Monday, June 18, 2012

because it's my ball, and I want to go home.

The other night, I posted a facebook, uh, post, where I mentioned that the muslims in Nigeria yet again were engaging in their favorite hobby, killing Christians. A friend, a very intelligent friend, took exception to the fact that this was the second such post on the matter in as many weeks. She proceeded to write a well-reasoned but naive piece on how since muslims make up 20% of the world, and other religions have engaged in equally shameful behavior in the past, that they should get a pass.
   Ultimately, rather than argue on the merits of holding people equally accountable for crimes against humanity based on the crimes, and not on their wonderful religion, I chose to delete her rant, since it was annoying and took too long to read, and, at that, wasn't worth my time (and if she's a reader here, I apologize for my harsh opinion.
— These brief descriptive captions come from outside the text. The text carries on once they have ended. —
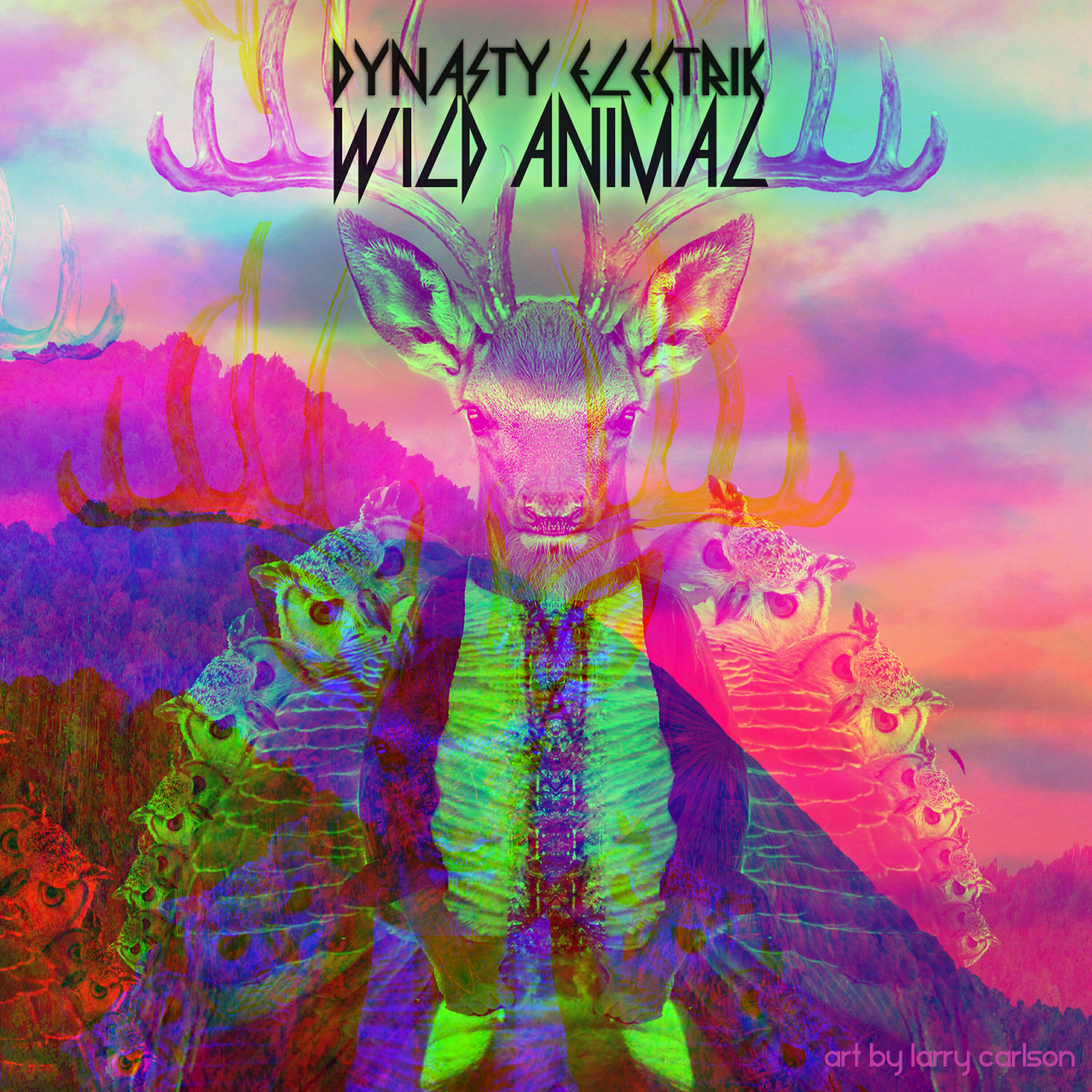 Dynasty Electrik - Wild Animal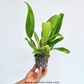 Cattleya Sena Sweet Orchid Plant - BS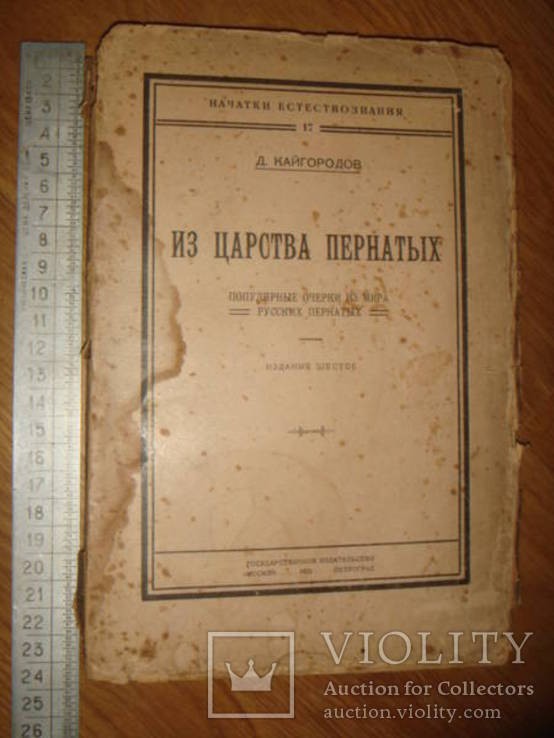 Д.Н. Кайгородов. Из царства пернатых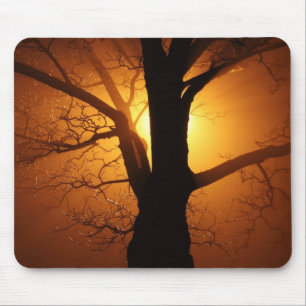 Tapis De Souris Arbre Dans Le Brouillard La Nuit Mousepad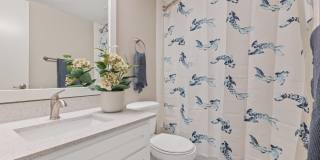 Clayton Pointe Gallery 25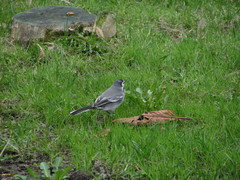 Motacilla alba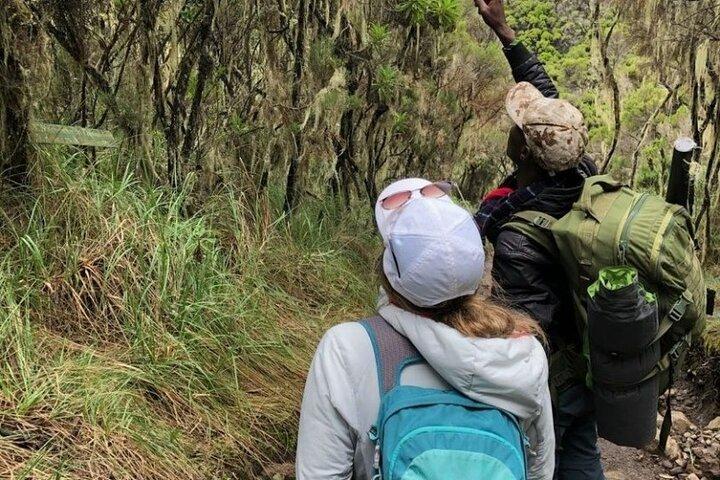 *Kilimanjaro 5 - Caminata de un día*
Your reasoning was awful, given that we rarely agree on matters of politics, and you have a fantastic handle on the language and rhetoric in general- the post in question was a lump of coal amidst your usual diamonds).
   I guess I pissed her off by deleting the post. My explanation was simple. It's my fucking facebook page, and i like debate, but it has to be reasoned debate.
 And that's all I have to say about that.
      I've discovered also that bud light, while making inoffensive, easy to drink in quantity beer, now makes an alcohol-heavy variety. I have taken to bringing one or two with me into the bath at night along with my e-reader, rubber duck and phone. I find that a hot bath at the end of a hard day (of drinking) is nice.


Thursday, June 14, 2012

From home

The past week has been scary busy- sometimes scary, often busy.
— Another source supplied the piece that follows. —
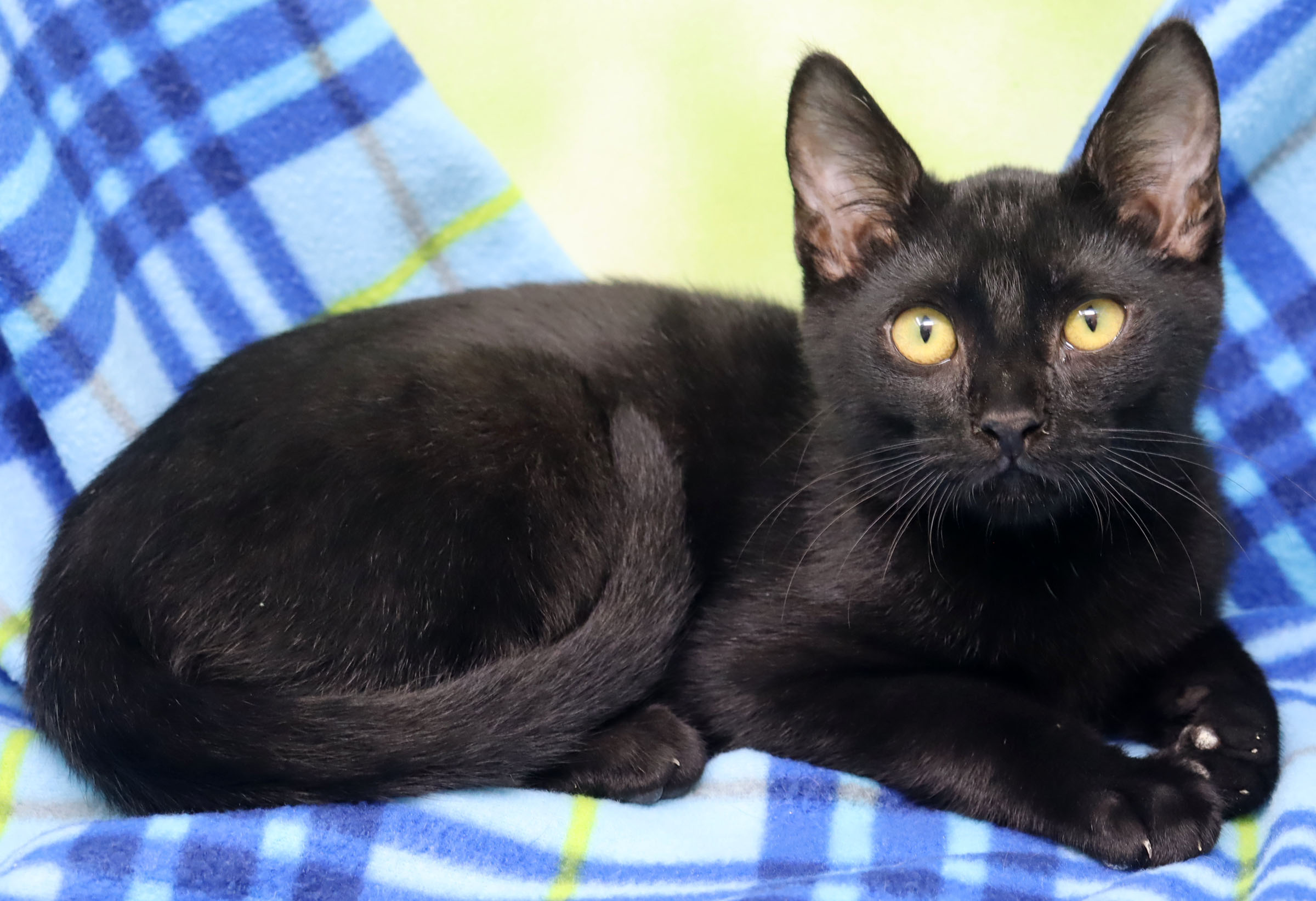 Enlarge Dillard, a Adoptable Domestic Short Hair in Tierra Verde, FL image 2/2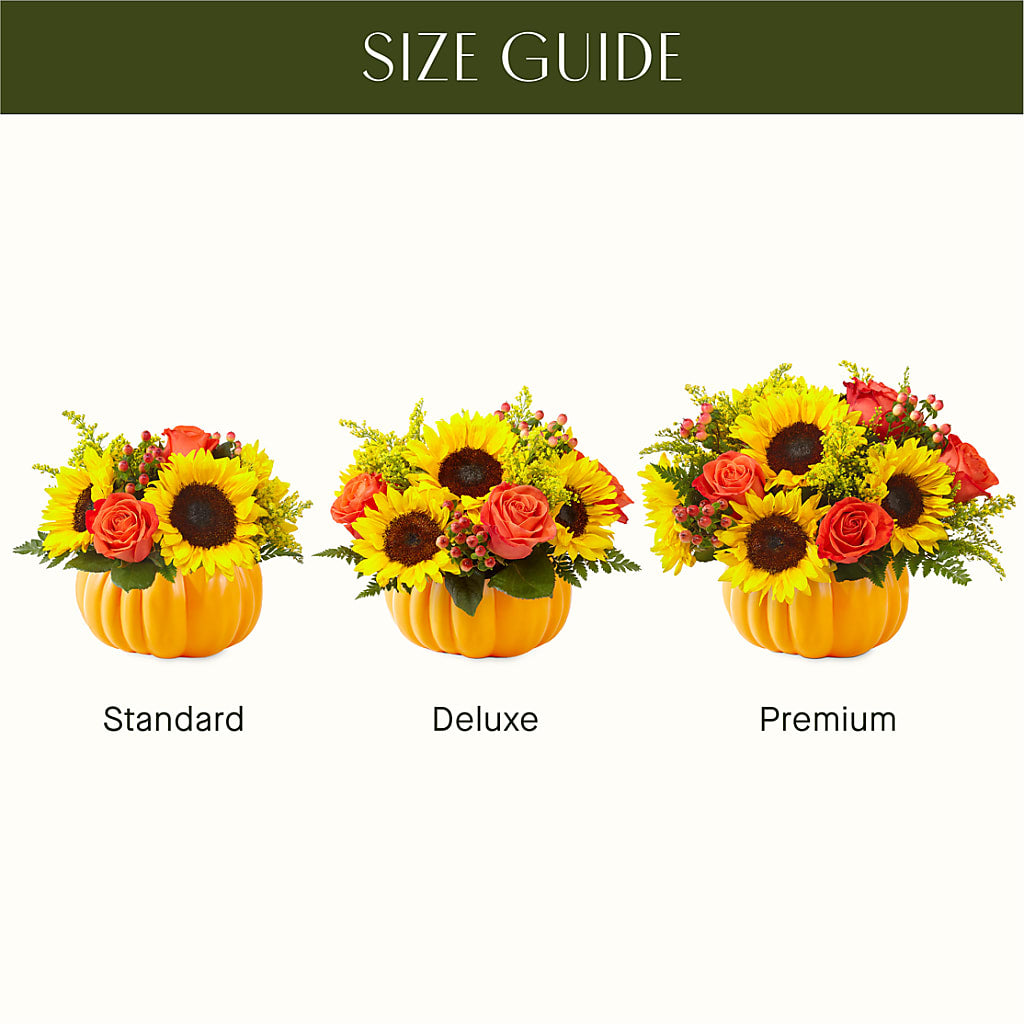 Pick of the Patch Pumpkin Bouquet – HELEN'S FLORIST AND GARDEN CENTER, Whitehouse Station NJ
    I'm still at home, and since my wife has a new living room set that sucked up my beer money (and lunch money, and fun money, too), I am home early on a Thursday night, when normally I would escape the double dose of Brazilian soaps that are on tv... but here I am at my desk instead, and there's a loaf of beer bread about 2/3 done in the oven. Not bad.
      When I was relieve at work, I had shipped my family down to New York by train and met them there, and we played tourist for a few days. New York is not my cup of tea, but I was very proud of not having a panic attack in the middle of Times Square this time... I have a thing about crowds and being lost. At any rate, we took a carriage ride through Central Park, took hundreds of photos, and generally ran down the savings account.
    Turns out, New York is expensive when you're there with family, and when you're cheap, and they're not.  I realized after coming home that I could have taken the fam to Aruba for a week for the same price that I spent for 3 days in NY. And maybe I could have avoided the 10 (!) hour ride home. Seriously, 10 hours. It took 5 hours to move the first 3 miles on 95 alone. I was ready to kill, plus we were crammed into my truck, which I bought when I was a fisherman, many years anon, and certainly is nothing near as comfortable as the mom-mobile my wife drives. So that sucked too.
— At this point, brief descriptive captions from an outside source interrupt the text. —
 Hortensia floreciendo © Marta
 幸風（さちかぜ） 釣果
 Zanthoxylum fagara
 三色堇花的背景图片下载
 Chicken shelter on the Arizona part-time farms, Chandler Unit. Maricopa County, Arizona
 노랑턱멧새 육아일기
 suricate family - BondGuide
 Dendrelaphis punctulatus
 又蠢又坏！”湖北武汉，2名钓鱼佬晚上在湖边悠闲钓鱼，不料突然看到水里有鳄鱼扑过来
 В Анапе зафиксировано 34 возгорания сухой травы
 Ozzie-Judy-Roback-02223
    The scary part came after, when there was talk of breaking up my crew. This was going to happen, despite much wailing and gnashing of teeth, and I spent the day in a major funk. No more tomato garden, no more beautifully-decorated house, no more being completely and utterly certain that whoever is on watch can handle safely whatever may come. I was destined to go to an old, not-particularly-well-cared-for floating septic tank with a house that was made to support one Oompa-Loompa, not two and three 6-foot plus men.
    Glory of glories, it didn't happen. Ruined a couple of days, though. I had no idea how much I would miss my floating Pickle Barrel until threatened with losing it. I will be returning to HAWSEPIPER's same-'ol same- 'ol afloat global HQ/floating fort of awesomeness, where everyone aboard can still sing the words to "Detroit Rock City."
     Afterwards, basking in the glow of a near-miss, Inappropriately Hot Foreign Wife convinced me to buy a new living room set made, apparently, out of dead cow skin and pieces of the True Cross, going by what I paid. She's happy, anyhow. We also looked at our first house together, but that's a good story in itself, for another day. IN the meanwhile, I'm almost 1/2 way through this time off, and it's going fast!

Monday, June 11, 2012

home!

Home, slightly overwhelmed, more later.

Tuesday, June 5, 2012

...where the good Lord split ya'

Again, Blogger is engaging in a session of masturbating in a full-length mirror, introducing me to the 'new' blogger, which, as far as I can tell, is the same as the old, except that everything familiar is now hard to find, and the icons make no sense. After a few minutes of trying to find out why they wouldn't let me put a new post up, I found on orange block with a triangle next to a rectangle, which is apparently supposed to be a pencil, which is apparently supposed to mean "new post." I don't know. Bunch of amateurs.
     Anyhow, I was writing to say that I am bowing out for a few days. After 10 weeks of handing out oil and lashes of the whip to all the good boys and girls, I am going home for a few weeks. Today is the fourth anniversary of my wedding to Inappropriately Hot Foreign Wife, formerly Inappropriately Hot Foreign Girlfriend. I missed it by one day. Tomorrow she and Boy will meet me at the almost half-way point home, in New York City, for a few days to celebrate. I could give a good goddamn about New York's delights, but my wife is beside herself with excitement, and I am sitting in Philadelphia on our anniversary while she is out in Boston's 'burbs, so I had to come up with something.
 See you soon.

Sunday, June 3, 2012

summah! (semiNSFW)

Well, Pissed  got me thinking about it, and it's June now, which means that it's high time I drove up traffic brightened everyone's day with this months's pictures from Brazil. After the last few weeks, I could use the cheering up, not least because I realized last night that I won't be going to Brazil this year, in service to the plan to buy a new house come winter. Regardless, here's something nice to look at.









Friday, June 1, 2012

much ado

After the past few days, it was wonderful to settle down here in my own place and get caught up on maintenance, painting and the like. We're still in the process of switching the deck paint from storm gray to deck red (the better to hide the blood!), so getting out there to fling nonskid and roll out the acres of hot steel has been a good opportunity to put my head down and lose myself in some mindless labor. A mini-vacation.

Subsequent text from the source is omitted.